Tag Archives: justice for all

Mourning Brooklyn Police Officers


Throughout  history, there have been those reckless individuals who perpetrated hideous crimes beneath some nobler cause or symbol.  Klansmen burned crosses, a sacred symbol to Christians, and carried out lynchings in the name of God.  Taliban madmen shot to death more than one hundred innocent children in Pakistan last week.  They did so in the name of God.  Today we mourn the cowardly executions of policemen in Brooklyn by a deranged individual who apparently decided to cover up his hideous assassinations by appealing to the deaths of Michael Brown and Eric Garner.  How awful. How wicked and misguided.

We pray for the families of these slain officers. We pray for police everywhere who do their best to protect us and live up to the highest standards of their communities and of our country.  But do not be misled by those on the right or left who would lay this at the feet of a movement righteously asking for accountability.

Revenge is not the answer—Christ rejected it outright.  The cycle of violence must end.  A non-violent movement dedicated to justice rejects violence as a resolution to violence.  May all of us hear the better angels of our natures calling out to us in this Christmas season.  As the Fellowship of Reconciliation would say, There is no way to peace–Peace is the way.  Peter, put away your gun.


Until Peace and Justice Walk Hand-in-Hand


The brassy patriots who disparage those who protested across cities in the United States this past Saturday reveal a constitutional ineptitude that defies their self-proclaimed patriot fervor.  When we protest we are patriotic.  When we demand that those who govern us do so justly and without discrimination but as equals before the law, we are patriotic.  The First Amendment is a beautiful, powerful and empowering right in the Bill of Rights. Those who stepped into the streets on Saturday, December 13th in protest of the failure of prosecutors and grand juries to protect unarmed, African-American civilians were living up to the constitutional vision of a citizenry empowered and protected from tyranny.  Here is the amendment:  “Congress shall make no law respecting an establishment of religion, or prohibiting the free exercise thereof; or abridging the freedom of speech, or of the press; or the right of the people peaceably to assemble, and to petition the government for a redress of grievances.”

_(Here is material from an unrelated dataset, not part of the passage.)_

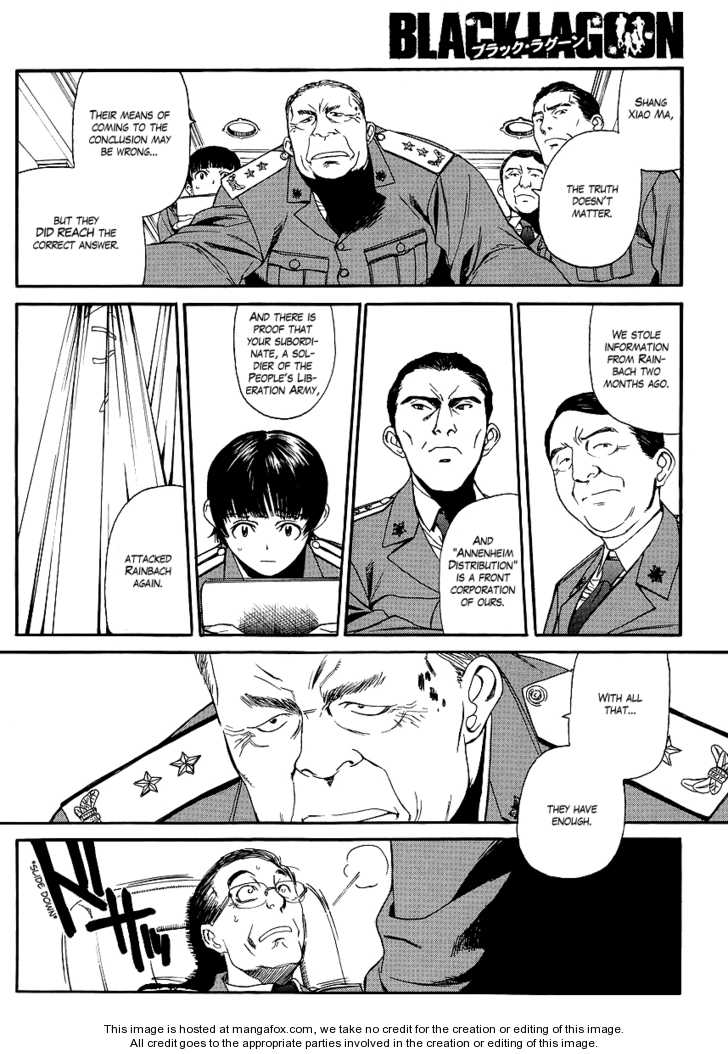 Read Black Lagoon Manga Online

Look at that last clause.  By the tens of thousands, Americans did exactly that when they demanded justice for the victims of police officers who, charged with protecting citizens, instead within seconds pulled a trigger and ended a life.  As religious persons and patriots, Riverside Church congregants took to the streets and marched for justice and equal protection under the law.  I am proud to pastor a church that puts feet to its words, that acts in the highest sense of patriotism and the deepest religious values of human dignity.  We pray, we sing, we march in the light of God.  We are not asking our beloved country to endorse a religion. We are asking that our politicians, officers of the court and police and military who protect us to do so out of a devotion to the constitution and bill of rights.  Anything less will not do. Holding to account those who violate those sacred documents is a patriotic act.  May peace and justice one day walk down our streets hand-in-hand. Until that day, we will continue to march and pray.